THE BLOG

England's Centre-Backs and the Death of the Golden Generation

24/03/2013 20:33 GMT | Updated 23/05/2013 10:12 BST

Rio Ferdinand was called up to Roy Hodgson's England squad. Sir Alex Ferguson advised Rio Ferdinand to not accept the call up to Roy Hodgson's England squad. Rio Ferdinand didn't accept the call up to Roy Hodgson's England squad.

These three sentences have formed a theme of footballing discourse for the week, focussing on the honour that players should feel in representing their country, with Gary Lineker insisting that 'internationals are the highest stage to play on'. What the petty Twitter debates between Lineker, Stan Collymore and Rio Ferdinand failed to miss, though, is the wider implication for the future of English defending.

Ferdinand, a fully paid up member to the 'Golden Generation' that dominated the England team for most of the last decade, seems now to have followed his former defensive partner John Terry into the pasture of former England players. This, aside from press furore, leaves England some lengthy distance from the possibly excellent quartet of Ferdinand, Terry, Carragher and Sol Campbell that could have formed a centre-back partnership ten years ago.

With some members of the golden generation, most notably Gerrard and Lampard, clinging on and the tenacity of Jack Wilshere replacing Paul Scholes, the losses from the Golden Generation are yet to be keenly felt in many areas of the squad.

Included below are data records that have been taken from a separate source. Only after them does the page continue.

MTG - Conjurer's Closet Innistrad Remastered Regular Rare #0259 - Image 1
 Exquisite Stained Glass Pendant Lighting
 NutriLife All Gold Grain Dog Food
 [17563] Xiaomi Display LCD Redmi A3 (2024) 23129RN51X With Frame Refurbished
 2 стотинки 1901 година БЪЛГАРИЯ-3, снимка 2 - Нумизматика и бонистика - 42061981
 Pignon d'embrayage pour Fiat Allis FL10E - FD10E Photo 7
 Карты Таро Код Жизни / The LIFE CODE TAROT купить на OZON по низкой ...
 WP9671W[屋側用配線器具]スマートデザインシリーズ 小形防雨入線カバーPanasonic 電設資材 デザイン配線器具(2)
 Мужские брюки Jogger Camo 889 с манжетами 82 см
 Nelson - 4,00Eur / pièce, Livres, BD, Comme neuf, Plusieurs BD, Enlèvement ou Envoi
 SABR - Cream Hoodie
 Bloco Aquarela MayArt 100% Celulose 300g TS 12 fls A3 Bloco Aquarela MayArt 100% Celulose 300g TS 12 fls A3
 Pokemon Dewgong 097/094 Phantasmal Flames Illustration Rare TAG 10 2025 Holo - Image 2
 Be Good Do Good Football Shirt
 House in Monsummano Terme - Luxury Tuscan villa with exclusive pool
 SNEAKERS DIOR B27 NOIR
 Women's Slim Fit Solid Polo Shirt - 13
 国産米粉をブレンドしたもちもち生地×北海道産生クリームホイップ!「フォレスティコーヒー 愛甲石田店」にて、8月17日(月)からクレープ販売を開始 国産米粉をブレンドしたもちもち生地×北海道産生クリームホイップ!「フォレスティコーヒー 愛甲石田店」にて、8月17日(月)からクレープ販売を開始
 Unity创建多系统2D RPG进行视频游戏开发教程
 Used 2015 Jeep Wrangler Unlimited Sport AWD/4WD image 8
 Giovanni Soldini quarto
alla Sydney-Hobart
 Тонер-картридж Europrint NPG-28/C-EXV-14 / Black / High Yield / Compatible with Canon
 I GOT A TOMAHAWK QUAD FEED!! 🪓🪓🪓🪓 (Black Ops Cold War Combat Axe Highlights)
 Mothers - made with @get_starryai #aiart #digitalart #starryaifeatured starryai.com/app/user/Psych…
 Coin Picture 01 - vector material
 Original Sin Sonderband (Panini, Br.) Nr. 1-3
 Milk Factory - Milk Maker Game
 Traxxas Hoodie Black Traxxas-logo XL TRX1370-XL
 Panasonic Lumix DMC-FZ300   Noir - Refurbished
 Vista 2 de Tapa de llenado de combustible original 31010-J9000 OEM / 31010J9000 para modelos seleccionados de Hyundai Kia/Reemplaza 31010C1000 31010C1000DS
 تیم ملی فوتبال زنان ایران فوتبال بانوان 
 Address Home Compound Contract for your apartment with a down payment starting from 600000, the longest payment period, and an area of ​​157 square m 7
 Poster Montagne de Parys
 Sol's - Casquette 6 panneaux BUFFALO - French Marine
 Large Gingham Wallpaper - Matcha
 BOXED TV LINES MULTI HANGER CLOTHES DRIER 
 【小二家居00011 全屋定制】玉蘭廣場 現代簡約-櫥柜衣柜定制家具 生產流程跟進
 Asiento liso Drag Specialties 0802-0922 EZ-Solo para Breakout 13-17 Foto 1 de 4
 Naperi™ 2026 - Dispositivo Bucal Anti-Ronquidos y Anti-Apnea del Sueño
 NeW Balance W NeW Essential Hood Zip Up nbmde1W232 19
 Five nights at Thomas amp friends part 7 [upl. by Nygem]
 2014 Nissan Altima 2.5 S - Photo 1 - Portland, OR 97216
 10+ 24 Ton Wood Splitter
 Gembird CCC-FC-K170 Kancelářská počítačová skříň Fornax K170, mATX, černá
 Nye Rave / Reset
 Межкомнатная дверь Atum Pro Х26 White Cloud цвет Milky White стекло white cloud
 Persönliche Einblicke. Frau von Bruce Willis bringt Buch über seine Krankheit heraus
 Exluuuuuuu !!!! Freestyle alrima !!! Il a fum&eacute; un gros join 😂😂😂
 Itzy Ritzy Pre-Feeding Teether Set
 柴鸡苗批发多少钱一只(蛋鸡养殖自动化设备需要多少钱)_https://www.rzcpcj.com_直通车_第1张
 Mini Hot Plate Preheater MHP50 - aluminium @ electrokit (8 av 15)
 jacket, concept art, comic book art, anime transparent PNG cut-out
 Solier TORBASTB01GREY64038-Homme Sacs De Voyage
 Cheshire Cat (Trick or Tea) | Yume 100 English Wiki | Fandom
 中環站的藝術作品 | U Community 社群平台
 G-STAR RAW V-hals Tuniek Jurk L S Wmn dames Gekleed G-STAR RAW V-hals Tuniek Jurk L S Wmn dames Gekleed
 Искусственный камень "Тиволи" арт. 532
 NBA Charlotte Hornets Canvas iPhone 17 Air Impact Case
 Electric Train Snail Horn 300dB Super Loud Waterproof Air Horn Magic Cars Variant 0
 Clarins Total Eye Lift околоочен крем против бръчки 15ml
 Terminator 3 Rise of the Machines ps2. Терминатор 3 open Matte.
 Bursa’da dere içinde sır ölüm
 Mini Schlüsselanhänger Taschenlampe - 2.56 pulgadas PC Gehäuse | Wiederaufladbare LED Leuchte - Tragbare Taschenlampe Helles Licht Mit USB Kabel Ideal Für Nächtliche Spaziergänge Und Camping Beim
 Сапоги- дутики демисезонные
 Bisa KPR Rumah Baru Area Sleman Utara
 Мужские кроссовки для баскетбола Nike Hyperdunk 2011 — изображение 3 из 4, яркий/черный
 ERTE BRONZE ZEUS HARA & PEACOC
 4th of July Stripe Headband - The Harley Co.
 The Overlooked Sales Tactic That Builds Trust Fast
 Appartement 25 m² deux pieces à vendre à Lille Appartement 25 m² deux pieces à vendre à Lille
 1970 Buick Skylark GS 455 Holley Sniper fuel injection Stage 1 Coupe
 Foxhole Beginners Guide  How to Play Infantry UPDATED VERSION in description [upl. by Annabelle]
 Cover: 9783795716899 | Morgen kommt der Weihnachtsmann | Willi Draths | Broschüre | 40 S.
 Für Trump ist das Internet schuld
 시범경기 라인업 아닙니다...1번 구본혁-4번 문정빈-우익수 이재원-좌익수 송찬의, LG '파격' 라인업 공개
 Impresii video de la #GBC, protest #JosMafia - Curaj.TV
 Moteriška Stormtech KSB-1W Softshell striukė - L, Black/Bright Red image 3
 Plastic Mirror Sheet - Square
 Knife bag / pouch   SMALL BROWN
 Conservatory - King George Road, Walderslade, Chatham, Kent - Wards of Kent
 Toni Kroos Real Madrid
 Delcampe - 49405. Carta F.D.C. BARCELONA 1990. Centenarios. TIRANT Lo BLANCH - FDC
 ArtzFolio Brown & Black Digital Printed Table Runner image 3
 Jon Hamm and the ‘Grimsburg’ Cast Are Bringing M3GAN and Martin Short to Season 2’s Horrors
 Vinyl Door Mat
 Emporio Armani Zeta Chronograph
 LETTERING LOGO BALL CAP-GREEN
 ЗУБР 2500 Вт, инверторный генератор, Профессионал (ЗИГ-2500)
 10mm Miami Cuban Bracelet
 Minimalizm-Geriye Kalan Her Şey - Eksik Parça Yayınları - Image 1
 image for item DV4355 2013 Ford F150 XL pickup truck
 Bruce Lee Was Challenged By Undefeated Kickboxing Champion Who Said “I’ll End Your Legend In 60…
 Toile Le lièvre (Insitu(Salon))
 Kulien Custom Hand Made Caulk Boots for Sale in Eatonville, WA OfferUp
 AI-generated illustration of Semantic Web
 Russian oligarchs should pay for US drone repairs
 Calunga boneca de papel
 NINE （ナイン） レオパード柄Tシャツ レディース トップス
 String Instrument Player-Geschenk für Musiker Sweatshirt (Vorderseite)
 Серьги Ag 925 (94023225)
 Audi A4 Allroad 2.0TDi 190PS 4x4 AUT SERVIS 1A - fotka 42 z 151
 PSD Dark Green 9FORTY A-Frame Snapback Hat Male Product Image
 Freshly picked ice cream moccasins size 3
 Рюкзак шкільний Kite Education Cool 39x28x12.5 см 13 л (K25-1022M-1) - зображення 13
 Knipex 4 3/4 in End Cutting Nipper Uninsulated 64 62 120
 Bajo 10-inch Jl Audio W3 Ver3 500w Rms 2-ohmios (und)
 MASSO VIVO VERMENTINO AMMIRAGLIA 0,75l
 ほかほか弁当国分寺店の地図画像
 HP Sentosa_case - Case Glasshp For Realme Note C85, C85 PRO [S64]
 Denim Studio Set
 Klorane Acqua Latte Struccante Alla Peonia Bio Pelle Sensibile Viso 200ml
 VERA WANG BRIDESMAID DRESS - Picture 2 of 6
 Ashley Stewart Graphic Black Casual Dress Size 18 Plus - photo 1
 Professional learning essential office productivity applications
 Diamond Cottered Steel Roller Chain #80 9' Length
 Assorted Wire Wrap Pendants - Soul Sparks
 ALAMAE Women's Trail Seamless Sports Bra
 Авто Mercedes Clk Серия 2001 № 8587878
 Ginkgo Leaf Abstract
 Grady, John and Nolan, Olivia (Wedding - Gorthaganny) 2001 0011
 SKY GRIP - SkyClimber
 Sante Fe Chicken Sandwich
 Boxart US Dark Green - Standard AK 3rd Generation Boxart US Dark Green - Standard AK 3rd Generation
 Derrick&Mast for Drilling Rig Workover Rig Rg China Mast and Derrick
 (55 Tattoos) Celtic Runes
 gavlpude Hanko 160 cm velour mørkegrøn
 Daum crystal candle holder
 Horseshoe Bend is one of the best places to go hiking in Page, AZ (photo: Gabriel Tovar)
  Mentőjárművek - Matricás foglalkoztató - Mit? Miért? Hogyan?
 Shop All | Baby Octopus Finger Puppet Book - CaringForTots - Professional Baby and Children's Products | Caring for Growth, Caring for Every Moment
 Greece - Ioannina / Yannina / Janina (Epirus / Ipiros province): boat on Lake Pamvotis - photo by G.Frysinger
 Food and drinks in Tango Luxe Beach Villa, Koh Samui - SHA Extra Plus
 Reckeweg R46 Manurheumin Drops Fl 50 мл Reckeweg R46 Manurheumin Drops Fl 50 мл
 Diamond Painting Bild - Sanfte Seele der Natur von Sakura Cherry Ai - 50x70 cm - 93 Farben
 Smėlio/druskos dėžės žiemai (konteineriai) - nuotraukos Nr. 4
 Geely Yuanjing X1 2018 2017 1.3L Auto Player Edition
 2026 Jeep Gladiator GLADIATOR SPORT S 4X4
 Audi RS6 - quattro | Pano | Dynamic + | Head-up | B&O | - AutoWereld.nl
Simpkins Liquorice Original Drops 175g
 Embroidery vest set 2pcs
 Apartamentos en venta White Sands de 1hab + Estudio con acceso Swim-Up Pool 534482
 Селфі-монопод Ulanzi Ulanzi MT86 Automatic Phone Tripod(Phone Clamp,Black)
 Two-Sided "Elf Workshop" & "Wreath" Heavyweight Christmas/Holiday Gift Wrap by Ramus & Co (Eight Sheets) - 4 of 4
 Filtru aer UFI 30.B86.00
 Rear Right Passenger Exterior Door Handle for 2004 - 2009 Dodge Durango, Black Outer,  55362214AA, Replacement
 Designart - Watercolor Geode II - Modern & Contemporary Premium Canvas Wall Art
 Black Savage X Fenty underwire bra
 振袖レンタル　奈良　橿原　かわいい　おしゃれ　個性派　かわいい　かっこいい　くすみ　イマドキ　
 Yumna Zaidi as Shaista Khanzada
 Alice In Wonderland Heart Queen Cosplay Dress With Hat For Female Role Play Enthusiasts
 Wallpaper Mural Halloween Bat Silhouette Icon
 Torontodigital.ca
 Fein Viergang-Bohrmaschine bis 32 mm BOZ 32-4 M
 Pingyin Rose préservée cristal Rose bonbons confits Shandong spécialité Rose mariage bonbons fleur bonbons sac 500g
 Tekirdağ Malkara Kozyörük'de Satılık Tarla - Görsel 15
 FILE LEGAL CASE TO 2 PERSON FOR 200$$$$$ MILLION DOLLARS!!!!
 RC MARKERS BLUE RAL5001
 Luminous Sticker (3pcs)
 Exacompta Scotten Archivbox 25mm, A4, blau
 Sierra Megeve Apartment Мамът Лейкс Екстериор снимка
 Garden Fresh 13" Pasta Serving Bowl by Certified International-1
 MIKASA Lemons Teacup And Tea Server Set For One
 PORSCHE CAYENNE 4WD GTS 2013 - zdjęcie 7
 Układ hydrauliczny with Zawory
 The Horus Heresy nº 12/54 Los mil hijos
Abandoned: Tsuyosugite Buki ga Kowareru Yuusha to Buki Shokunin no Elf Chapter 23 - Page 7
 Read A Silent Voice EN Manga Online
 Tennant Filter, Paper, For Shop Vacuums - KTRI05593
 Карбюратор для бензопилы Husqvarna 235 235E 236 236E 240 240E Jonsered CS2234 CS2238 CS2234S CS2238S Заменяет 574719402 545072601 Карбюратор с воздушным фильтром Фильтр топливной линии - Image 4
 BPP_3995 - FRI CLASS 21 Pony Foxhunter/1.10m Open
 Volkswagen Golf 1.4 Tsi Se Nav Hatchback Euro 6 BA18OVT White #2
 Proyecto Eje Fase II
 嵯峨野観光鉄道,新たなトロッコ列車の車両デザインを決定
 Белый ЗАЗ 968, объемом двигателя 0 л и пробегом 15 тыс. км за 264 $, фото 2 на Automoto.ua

The awakening to a post-golden generation England now comes when raking through the unimpressive nature of England's centre-back options.

From the steady flow of four world-leading and three Champions League winning defenders ten years ago, England are now faced with Joleon Lescott, a substitute at Manchester City, Phil Jagielka, a steady if unspectacular defender, an often injured but talented Gary Cahill, the strong but inexperienced Steven Caulker and the Manchester United youngsters Chris Smalling and Phil Jones.

Whilst with Caulker, Smalling and Jones illustrating a continued ability to produce promising young defenders, the three charged with overseeing the transitional period between Golden Generation and the next offer uncertainty to Roy Hodgson, surrounding just how accomplished his defensive line-up at next year's World Cup can be.

Of course, a tonic of relativity must be added here, with Cahill himself a Champions League winner and Lescott a Premier League winner, however, the general quality of senior England centre-backs, in the prime of their career, differs markedly from Golden Generation quartet. The issue is further compounded when looking across to our European neighbours.

Spain, current holders of everything, can choose from Sergio Ramos, Gerard Pique and Carlos Puyol, with Bayern's excellent Javi Martinez on the fringes. Italy have the Juventus trio of Georgio Chiellini, Andrea Barzagli and Leonardo Bonucci. Further down the scale, even Belgium see a steady wealth of options in Vincent Kompany, Thomas Vermaelan and Jan Vertonghen.

The declining trend is clear and, despite a number of solid options, we are now left without any central defenders featuring regularly among the best teams in the world. The fortunate and defensively wealthy era of the Golden Generation is over, if not coming to a speedy close, now England must make the best out of the current transitional generation. Expectations, though, must be toned down.